1. In an ideal world, how would population control be achieved? In an ideal world population control wouldn’t be needed. All other species control their own population instinctively, aware that excess numbers damage the whole ecosystem and therefore threaten their own survival, and intuitively adjust their birth rate to keep numbers in balance. We did the same for our first three million years on Earth, until about 30,000 years ago when we started to separate our culture from the rest of life’s, and lost this critical survival instinct.
I don’t know how we can get that instinct back. If we could, in an ideal world, we would voluntarily reduce our current birth rate by about 2/3, which would gradually reduce human numbers by about 1% per year, and we would keep that up for about two centuries until human numbers were back to the 300,000,000 or so that, based on scientists’ estimates, seems to be the ‘natural’ human population level that prevailed for hundreds of millennia. I believe the resultant improvement in quality of life would be so astonishing that no ‘control’ would be needed to keep numbers at that level. Maybe that means I’m an optimist about human nature.
2. What’s the one non-fiction book that everyone should read? If I absolutely have to pick just one, it would be Stephen J. Gould’s Full House. It’s aggravating, but worldview changing. It demonstrates scientifically that the appearance and evolution of life on Earth is (after each extinction) principally a random crap shoot, and that humans are not only not the pinnacle of evolution, but that we are not even especially remarkable. And since the likelihood of vertebrates (let alone humans) emerging from the primordial soup was about one in sixty million, and many of the alternatives might have been much more interesting and successful than how the experiment on Earth has turned out, it’s humbling as well.

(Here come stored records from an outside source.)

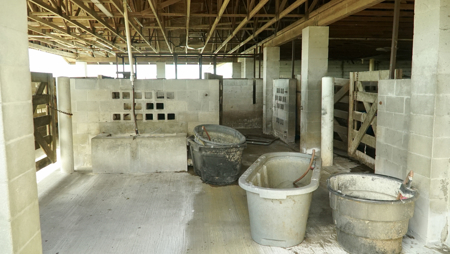 Beef Cattle Farm For Sale In Florida! - image 41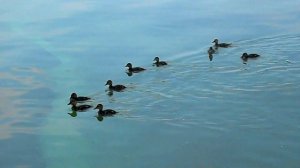 Футаж За ВДВ! Прикольные Футажи на День ВДВ. Забавное Видео ко Дню ВДВ. Видеофутажи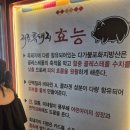 돈돼지맛돼지 | [제주도 맛집] 제주흑돼지 맛집 &#39;두툼한고기돈돼지 제주 함덕 2호점&#39;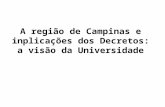 A região de Campinas e inplicações dos Decretos: a visão da Universidade.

3. Are you a vegetarian? Why/why not? I’m an aspiring vegetarian, which is difficult when your family is not, and when work-related social occasions often don’t provide a vegetarian alternative. I’m getting a lot closer, and as more meat-alternatives come on the market I think I’ll get there.
My reasons for wanting to do so stem primarily from the way ‘food animals’ are treated, especially in today’s increasingly prevalent factory farms. The idea of keeping animals enslaved in cramped, unnatural, uncomfortable spaces all their lives just to feed humans is absolutely abhorrent to me. I also feel healthier when I eat vegetarian foods.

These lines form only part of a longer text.